Watts was born in Norfolk, Virginia, and began playing saxophone at thirteen. After a brief period at West Chester University, he attended the Berklee College of Music on a Down Beat magazine scholarship. He toured with Buddy Rich in the late-1960s, occupying one of the alto saxophone chairs. He visited Africa on a U.S. State Department tour with Oliver Nelson's group. For twenty years he played alto saxophone with The Tonight Show Band under Doc Severinsen. He was a featured soloist on many of Marvin Gaye's albums on Motown during the 1970s, as well as on many other pop and R&B sessions during his twenty-five years as a studio musician in Los Angeles. He has won two Grammy Awards as an instrumentalist.

In the mid-1980s Watts decided to rededicate himself to jazz. He recorded and toured with German guitarist and composer Torsten de Winkel, drummer Steve Smith, and keyboardist Tom Coster. He was invited to join Charlie Haden's Quartet West. They met backstage one night after Haden heard Watts play "Nightbird" by Michel Colombier. Watts played on soundtracks for the movies Grease and  The Color Purple and on the theme song for the TV show Night Court.

In 1982, his version of "Chariots of Fire" was featured in the Season 4 episode of WKRP in Cincinnati ("The Creation of Venus") as Andy Travis and Venus Flytrap are playing games in the studio when Momma Carlson walks in and surprises them.
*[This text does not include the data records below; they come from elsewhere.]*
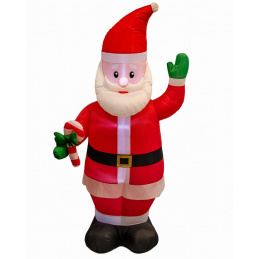 Moș Crăciun gonflabil cu iluminare LED - 215 cm Moș Crăciun gonflabil cu iluminare LED - 215 cm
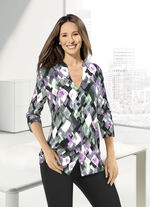Top-modieuze overhemdblouse 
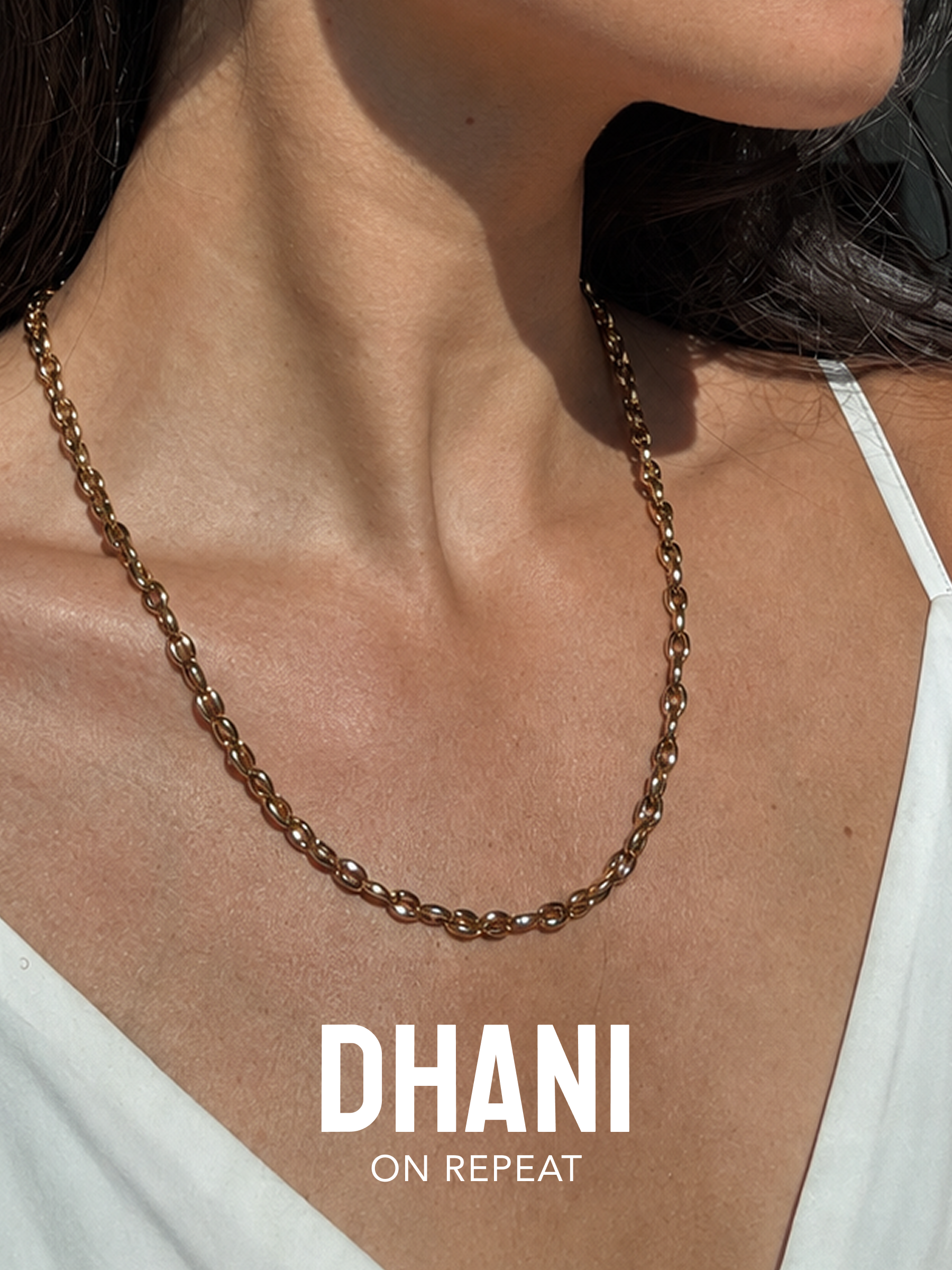 dhani necklace chain gold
He was featured in one of Windows XP's sample music, "Highway Blues" by New Stories.
In 1986, he visited South America with the Pat Metheny Special Quartet, alongside Charlie Haden and Paul Wertico, playing at Shams in Buenos Aires, Argentina.

In 2008, his album Analog Man won the Independent Music Award for Best Jazz Album. He played on Kurt Elling's album Dedicated to You, which won the Grammy Award for Best Jazz Vocal Album in 2011.

Discography

As leader

 Planet Love (Pacific Jazz, 1969)
 The Wonder Bag (Vault, 1972)
 Look in Your Heart (Elektra, 1980)
 Chariots of Fire (Qwest, 1982)
 Musician (Qwest, 1985)
 Sanctuary (Qwest, 1986)
 The Ernie Watts Quartet (JVC, 1987 [1991])
 Afoxe with Gilberto Gil (CTI, 1991)
 Reaching Up (JVC, 1994)
 Unity (JVC, 1995)
 Long Road Home (JVC, 1996)
 Classic Moods (JVC, 1998)
 Reflections with Ron Feuer (Flying Dolphin, 2000)
 Alive (Flying Dolphin, 2004)
 Spirit Song (Flying Dolphin, 2005)
 Analog Man (Flying Dolphin, 2006)
 To The Point (Flying Dolphin, 2007)
 Four Plus Four (Flying Dolphin, 2009)
 Oasis (Flying Dolphin, 2011)
 A Simple Truth (Flying Dolphin, 2014)
 Wheel of Time (Flying Dolphin, 2016)
 Home Light (Flying Dolphin, 2018)

With Karma
Celebration (Horizon/A&M, 1976)
For Everybody (Horizon/A&M, 1977)

As sideman

With the GRP All-Star Big Band
 GRP All-Star Big Band (GRP, 1992)
 Dave Grusin Presents the GRP All-Star Big Band Live!, (GRP, 1993)
 All Blues, (GRP, 1995)
With Jean-Luc Ponty
King Kong: Jean-Luc Ponty Plays the Music of Frank Zappa (World Pacific/Liberty,1970)
With Steely Dan
Countdown to Ecstasy (ABC Records, 1973)
With Gamalon
Project: Activation Earth (Amherst Records, Inc.,1989)
With Billy Alessi and Bobby Alessi
 Words and Music (A&M, 1979)
 Long Time Friends (Qwest, 1982)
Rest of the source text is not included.